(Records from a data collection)
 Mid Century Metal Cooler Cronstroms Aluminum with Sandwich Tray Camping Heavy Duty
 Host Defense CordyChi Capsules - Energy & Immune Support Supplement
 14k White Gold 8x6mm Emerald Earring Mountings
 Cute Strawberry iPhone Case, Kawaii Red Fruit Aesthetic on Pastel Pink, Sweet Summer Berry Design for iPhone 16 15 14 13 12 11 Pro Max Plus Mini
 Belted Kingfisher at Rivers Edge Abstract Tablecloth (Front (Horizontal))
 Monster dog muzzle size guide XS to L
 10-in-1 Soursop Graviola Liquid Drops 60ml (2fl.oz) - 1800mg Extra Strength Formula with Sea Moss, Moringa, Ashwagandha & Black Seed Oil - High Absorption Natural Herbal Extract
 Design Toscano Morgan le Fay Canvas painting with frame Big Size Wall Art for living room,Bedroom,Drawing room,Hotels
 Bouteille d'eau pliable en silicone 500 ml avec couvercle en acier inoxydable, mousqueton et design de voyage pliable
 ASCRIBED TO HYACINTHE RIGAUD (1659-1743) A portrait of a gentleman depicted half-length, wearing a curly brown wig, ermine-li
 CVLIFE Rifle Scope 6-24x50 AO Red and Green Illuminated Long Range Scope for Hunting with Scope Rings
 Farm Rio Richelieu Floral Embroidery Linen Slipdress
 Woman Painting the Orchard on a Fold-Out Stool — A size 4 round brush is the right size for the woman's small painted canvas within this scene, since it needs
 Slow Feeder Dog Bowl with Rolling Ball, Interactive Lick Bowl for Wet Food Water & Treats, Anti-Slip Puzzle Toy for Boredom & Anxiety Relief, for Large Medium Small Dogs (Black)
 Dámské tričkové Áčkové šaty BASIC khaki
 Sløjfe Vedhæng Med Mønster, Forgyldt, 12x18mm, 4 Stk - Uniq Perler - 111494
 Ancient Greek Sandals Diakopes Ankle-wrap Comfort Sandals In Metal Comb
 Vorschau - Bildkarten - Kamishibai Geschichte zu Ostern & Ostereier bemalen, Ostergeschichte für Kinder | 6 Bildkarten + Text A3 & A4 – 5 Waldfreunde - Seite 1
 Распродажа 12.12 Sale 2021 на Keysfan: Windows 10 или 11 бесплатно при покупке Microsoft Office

[YOUR ASSIGNMENT]
Beginning at the line that holds "CVLIFE Rifle Scope", copy every line through the end of the entries exactly as given, and only those lines.

[RESPONSE BOX]
 CVLIFE Rifle Scope 6-24x50 AO Red and Green Illuminated Long Range Scope for Hunting with Scope Rings
 Farm Rio Richelieu Floral Embroidery Linen Slipdress
 Woman Painting the Orchard on a Fold-Out Stool — A size 4 round brush is the right size for the woman's small painted canvas within this scene, since it needs
 Slow Feeder Dog Bowl with Rolling Ball, Interactive Lick Bowl for Wet Food Water & Treats, Anti-Slip Puzzle Toy for Boredom & Anxiety Relief, for Large Medium Small Dogs (Black)
 Dámské tričkové Áčkové šaty BASIC khaki
 Sløjfe Vedhæng Med Mønster, Forgyldt, 12x18mm, 4 Stk - Uniq Perler - 111494
 Ancient Greek Sandals Diakopes Ankle-wrap Comfort Sandals In Metal Comb
 Vorschau - Bildkarten - Kamishibai Geschichte zu Ostern & Ostereier bemalen, Ostergeschichte für Kinder | 6 Bildkarten + Text A3 & A4 – 5 Waldfreunde - Seite 1
 Распродажа 12.12 Sale 2021 на Keysfan: Windows 10 или 11 бесплатно при покупке Microsoft Office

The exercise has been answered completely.